During the next decade, that of his 30s, he was at his most
productive. There was a rivalry with Debussy and some dispute about priority in musical
discoveries, but Ravel's taste for sharply defined ideas and closed formal units was
entirely his own, as was the grand virtuosity of much of his piano music from this period,
notably the cycles Miroirs and Gaspard de la nuit. Many works also show his
fascination with things temporally or geographically distant, with moods sufficiently
alien to be objectively drawn: these might be historical musical styles, as in the
post-Schubertian Valses nobles et sentimentales, or the imagination of childhood,
as in Ma mère l'oye Or the composer's inspection might be turned on the East (Shéhérazade) or, as happened repeatedly, on Spain (Rapsodie espagnole, the comic opera L'heure espagnole). Or there might be a double focus, as in the vision of ancient Greece through the modification of 18th century French classicism in the languorous ballet Daphnis et Chloé;, written for Dyagilev.
The Ballets Russes were also important in introducing him
to Stravinsky, with whom he collaborated on a version of Musorgsky's Khovanshchina,
and whose musical development he somewhat paralleled during the decade or so after The
Rite of Spring.
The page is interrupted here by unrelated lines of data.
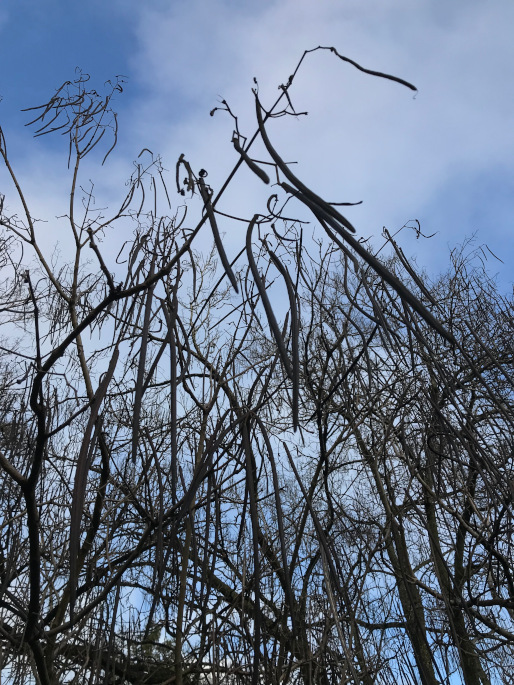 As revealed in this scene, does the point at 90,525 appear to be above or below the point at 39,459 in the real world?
above

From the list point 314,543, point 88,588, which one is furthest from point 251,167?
point 314,543

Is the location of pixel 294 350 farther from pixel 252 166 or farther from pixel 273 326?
pixel 252 166

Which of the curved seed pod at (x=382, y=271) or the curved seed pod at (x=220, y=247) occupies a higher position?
the curved seed pod at (x=220, y=247)

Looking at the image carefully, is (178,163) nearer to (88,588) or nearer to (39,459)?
(39,459)

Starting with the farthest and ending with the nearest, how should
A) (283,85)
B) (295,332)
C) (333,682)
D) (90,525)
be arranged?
(90,525), (333,682), (283,85), (295,332)

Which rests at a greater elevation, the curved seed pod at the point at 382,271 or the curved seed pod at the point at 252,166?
the curved seed pod at the point at 252,166

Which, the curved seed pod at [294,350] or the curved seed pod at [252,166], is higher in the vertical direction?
the curved seed pod at [252,166]

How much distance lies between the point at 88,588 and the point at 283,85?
56.7 inches

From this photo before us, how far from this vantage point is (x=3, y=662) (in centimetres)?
156

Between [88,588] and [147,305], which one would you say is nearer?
[147,305]

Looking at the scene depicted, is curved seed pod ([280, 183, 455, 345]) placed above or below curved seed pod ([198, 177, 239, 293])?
below

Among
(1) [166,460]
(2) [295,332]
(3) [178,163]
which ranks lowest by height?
(2) [295,332]

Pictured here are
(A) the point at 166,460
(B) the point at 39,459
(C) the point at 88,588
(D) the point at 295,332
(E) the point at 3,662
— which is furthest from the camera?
(A) the point at 166,460

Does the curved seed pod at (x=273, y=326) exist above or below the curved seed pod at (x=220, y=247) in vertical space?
below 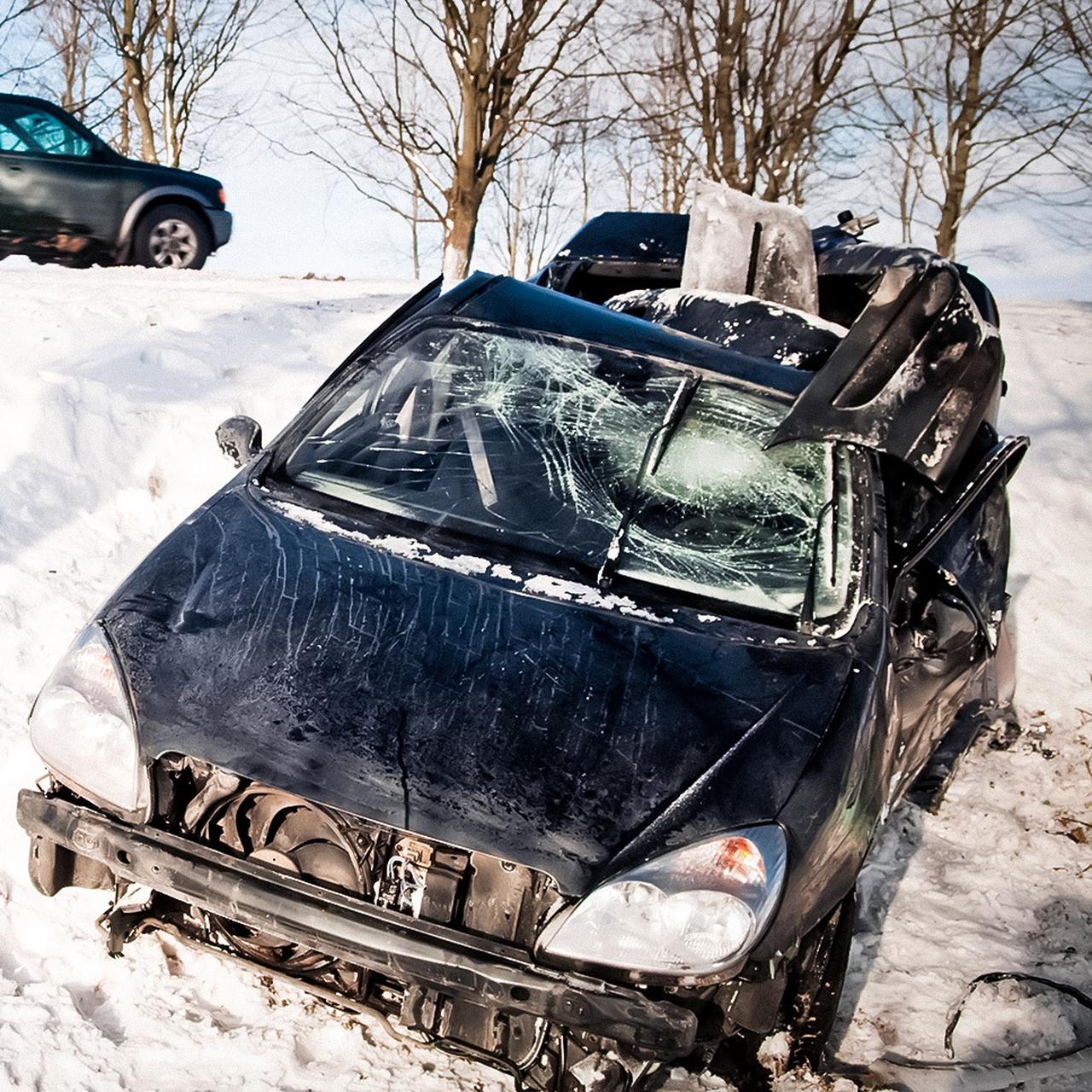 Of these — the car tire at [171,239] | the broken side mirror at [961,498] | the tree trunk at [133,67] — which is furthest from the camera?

The set of three MallarmEacute; songs with nonet accompaniment were
written partly under the influence of Stravinsky's Japanese Lyrics and Schoenberg's
Pierrot lunaire, and the two sonatas of the 1920s can be compared with Stravinsky's
abstract works of the period in their harmonic astringency and selfconscious use of
established forms. However, Ravel's Le tombeau de Couperin, just as selfconscious,
predates Stravinsky's neo-classicism, and the pressure of musical history is perhaps felt
most intensely in the ballet La valse where 3/4 rhythm develops into a dance
macabre : both these works, like many others, exist in both orchestral and piano
versions, testifying to Ravel's superb technique in both media (in 1922 he applied his
orchestral skills tellingly to Musorgsky's Pictures at an Exhibition). Other
postwar works return to some of the composer's obsessions: with the delights and dangers
of the child's world in the sophisticated fantasy opera L'enfant et les sortilèges,
with musical Spanishness in Boléro and the songs for a projected Don Quixote film,
and with the exotic in the Chansons madécasses. His last major effort was a pair
of piano concertos, one exuberant and cosmopolitan (in G major), the other (for left hand
only) more darkly and sturdily single-minded. He died after a long illness.
Operas: L'heure espagnole (1911); L'enfant
et les sortilèges (1925).
Ballets: Ma mère l'oye (1911); Daphnis et Chloé (1912); La valse (1920, perf. 1928); Boléro (1928).
Orchestral music: Rapsodie espagnole
(1908); Pavane pour une infante déunte (1910); Valses nobles et sentimentales (1912); Pf
Conc., left hand (1930); Pf Conc., G (1931).
Chamber music: Str Qt (1903); Introduction and Allegro, harp, 6 insts (1905); Pf Trio (1914); Sonata, vn, vc (1922); Tzigane, vn, pf (1924); Sonata, vn, pf (1927).
Piano music: Menuet antique (1895); Pavane pour une infante défunte (1899); Jeux d'eau (1901); Sonatine (1905); Miroirs (1905); Gaspard de la nuit (1908); Ma mère l'oye, 4 hands (1910); Valses nobles et sentimentales
(1911); Le tombeau de couperin (1917).
Songs with instruments: Shéhérazade (1903); Trois poèmes de Mallarmé (1913); Don Quichotte à Dulcinée (1933); Chansons
madécasses (1926).
Songs with piano: 5 méodies populaires grecques (1906); Histoires naturelles (1906); Chants populaires (1910); 2 mélodies
hébraïques (1914); Ronsard à son Âme (1924).